One way is to pressure him in the pocket while staying in lane to prevent a scramble. And the Whippets have some guys up front that can do this, including ends Max Hale and Pelkisson, as well as 280-pound tackle Beau Bryan.

“If you can get to him, you can slow him down, but trying to stop Ricky Ortega is darn near impossible to do,” Clark acknowledged.

“If Pelkisson wants to get to the quarterback, I really don’t know how to stop him,” Matta countered. “And I wouldn’t sleep on (Bryan).”

The Cougars were able to slow Ortega down by mixing up pass coverage and varying blitz packages, but those measures have a shelf-life.

“(Ortega) has a lot of qualities that make him a great player, but I say that his number one quality is that he’s a winner,” Matta said. “He finds a way to win.

“You can tell he’s a coach’s son. He knows football. In his four years, we’ve come up with some tricky schemes and we held him off for a while but he figures out what you are doing.”

4. Control the football

It’s always an effective way to keep explosive weapons in check. They can’t hurt you if they are on the sidelines. Downingtown West has the offensive personnel to play ball-control, which will limit the possessions for Ortega-and-company.

“West has a very talented runner (Lewis) and quarterback (Howard), and (wideout Julian Williams) is pretty good. And their tight end (Pelkisson) is a killer,” Matta said.

But often times this season, the Whippets have been so explosive that ball control goes out the window. Is West comfortable winning a game in the 20s? They weren’t in the regular season.

“You have to shorten the game against Coatesville,” Clark said.

5. Make Coatesville earn every yard

This kind of piggybacks on limiting explosive plays, but it is imperative. It is far better to force the Raiders to use 10 or 11 plays to go down the field than to surrender big chunks of yards or long TD plays.
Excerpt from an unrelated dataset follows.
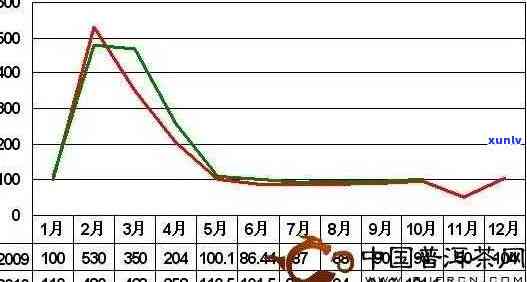 三月滇普洱熟茶价格走势分析：品质如何？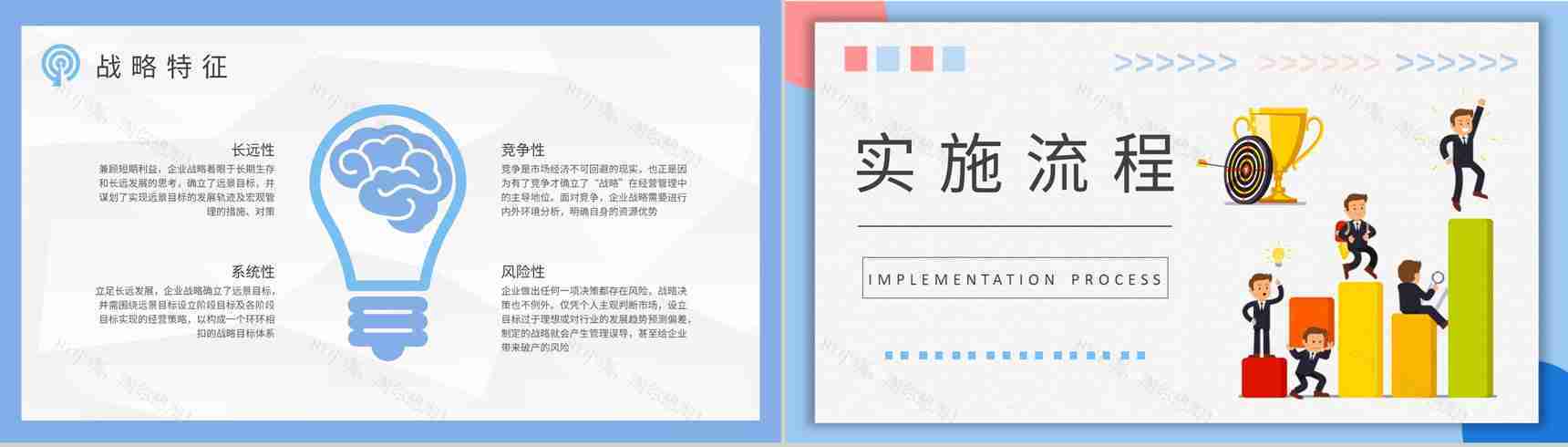 企业发展战略核心内容培训部门财务战略规划总结PPT模板-7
Time-consuming drives mean more opportunities for mistakes by the offense and opportunities for your defense.

“The longer they have to snap the ball, the odds go up for you,” Clarks said.

“You have to make them go the long way,” Matta agreed. “Historically, (Coatesville) takes a lot of penalties and they will turn it over occasionally.”

6. Be persistent

If the district playoffs have shown us anything, it’s that Coatesville is at its most dangerous when faced with adversity. The Raiders have trailed in all three postseason games, but have responded forcefully.

Against Souderton, they were down 7-0 and scored the next 49 points – in one quarter. And against Central Bucks West and Garnet Valley, Coatesville scored 28 straight in each after finding itself in a deficit.

“You can never let up on them,” Matta stressed. “They are like the tide. You can hold it out for a while but it just keeps coming. Eventually it’s going to overwhelm you.”